» Action item
Once you find the line with "7 простых коктейлей с шампанским 7" in the data below, transcribe exactly each line from there to the line with "sempre fui sonhador", inclusive, and nothing else. Drop the pictures.

» Data for this exercise
Start of Block

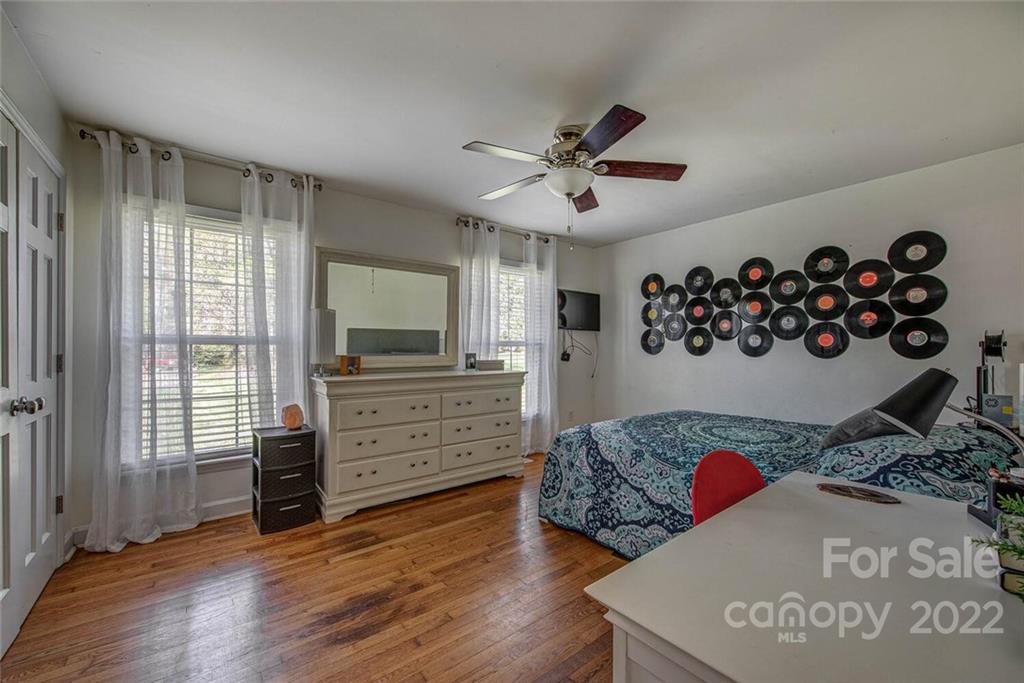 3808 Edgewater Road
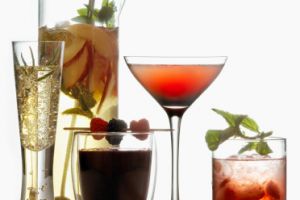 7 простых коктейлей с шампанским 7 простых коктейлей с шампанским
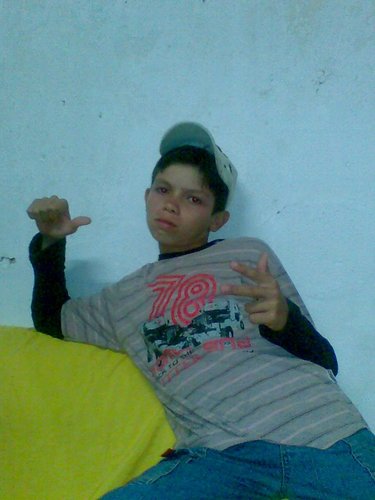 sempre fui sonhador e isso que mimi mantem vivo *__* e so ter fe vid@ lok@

End of Block
Start of Block

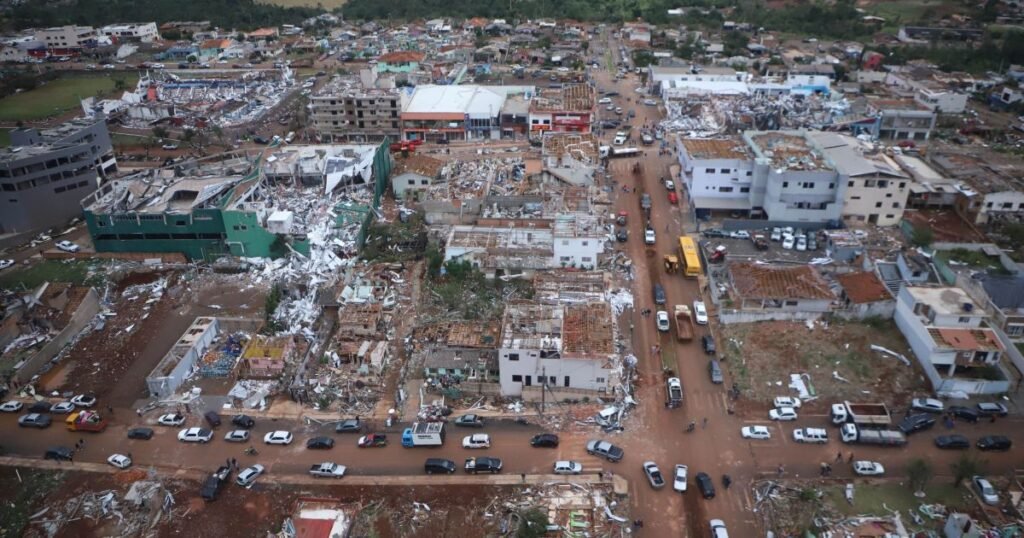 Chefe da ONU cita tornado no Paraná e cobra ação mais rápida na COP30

End of Block

» Solution for this exercise
 7 простых коктейлей с шампанским 7 простых коктейлей с шампанским
 sempre fui sonhador e isso que mimi mantem vivo *__* e so ter fe vid@ lok@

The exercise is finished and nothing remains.